TASK BRIEF -
The data that follows must be transcribed in full and exactly, minus the pictures.
┄┄┄┄┄┄
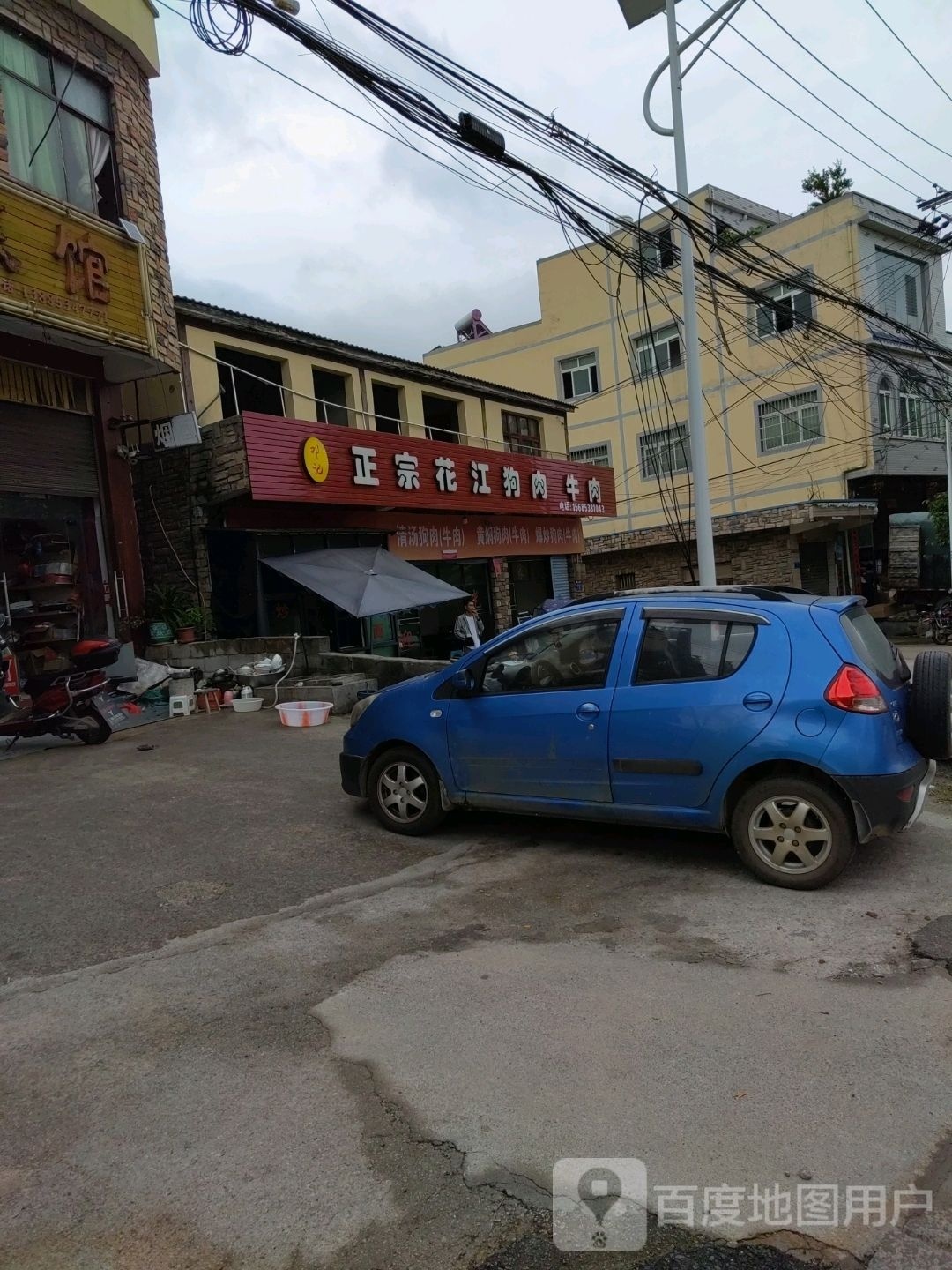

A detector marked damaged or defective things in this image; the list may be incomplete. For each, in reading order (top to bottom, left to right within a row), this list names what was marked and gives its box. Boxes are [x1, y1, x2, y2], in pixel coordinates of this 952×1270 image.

cracked pavement [2, 711, 952, 1265]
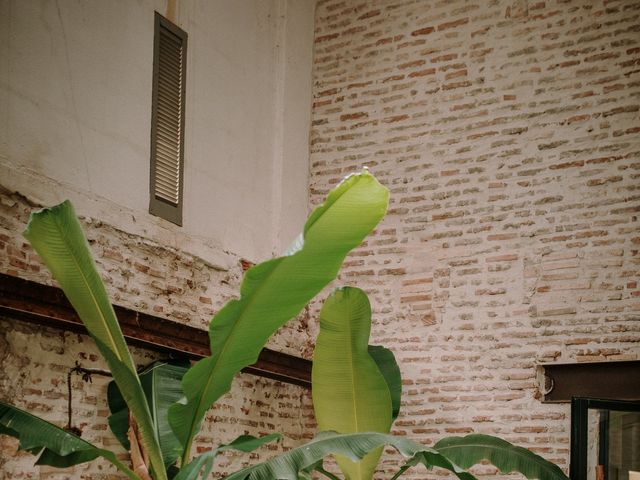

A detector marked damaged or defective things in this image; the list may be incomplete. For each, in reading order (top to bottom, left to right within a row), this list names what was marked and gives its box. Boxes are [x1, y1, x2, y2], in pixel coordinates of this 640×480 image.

rusty metal bracket [0, 272, 310, 388]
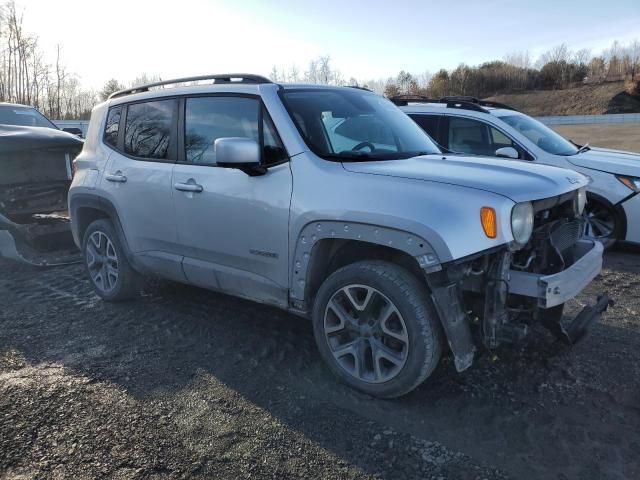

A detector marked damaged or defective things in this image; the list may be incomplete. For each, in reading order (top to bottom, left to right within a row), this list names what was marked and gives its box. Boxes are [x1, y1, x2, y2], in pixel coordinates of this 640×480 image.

crumpled hood [0, 124, 83, 154]
crumpled hood [342, 155, 588, 203]
crumpled hood [568, 147, 636, 177]
damaged jeep renegade [70, 75, 608, 398]
crushed front bumper [508, 239, 604, 308]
┄┄┄┄┄┄
SOLUTION FOR THIS TASK -
A detector marked damaged or defective things in this image; the list may be incomplete. For each, in reading order (top to bottom, left to right within a row), this list names what was marked and gives its box. Boxes are [x1, y1, x2, y2], in pixel coordinates of this 952×1270 image.

cracked pavement [2, 711, 952, 1265]

A detector marked damaged or defective things in this image; the list may be incomplete. For each, in reading order (top to bottom, left to right within a row), this list names what was marked and gives its box. Boxes are [x1, y1, x2, y2], in pixel coordinates of this 640×480 image.

rusty metal bracket [0, 272, 310, 388]

A detector marked damaged or defective things in this image; the list may be incomplete. For each, in reading order (top to bottom, left to right within a row), this list names what was marked and gives its box. Boxes are [x1, y1, x2, y2], in pixel coordinates of this 640×480 image.

crumpled hood [0, 124, 83, 154]
crumpled hood [342, 155, 588, 203]
crumpled hood [568, 147, 636, 177]
damaged jeep renegade [70, 75, 608, 398]
crushed front bumper [508, 239, 604, 308]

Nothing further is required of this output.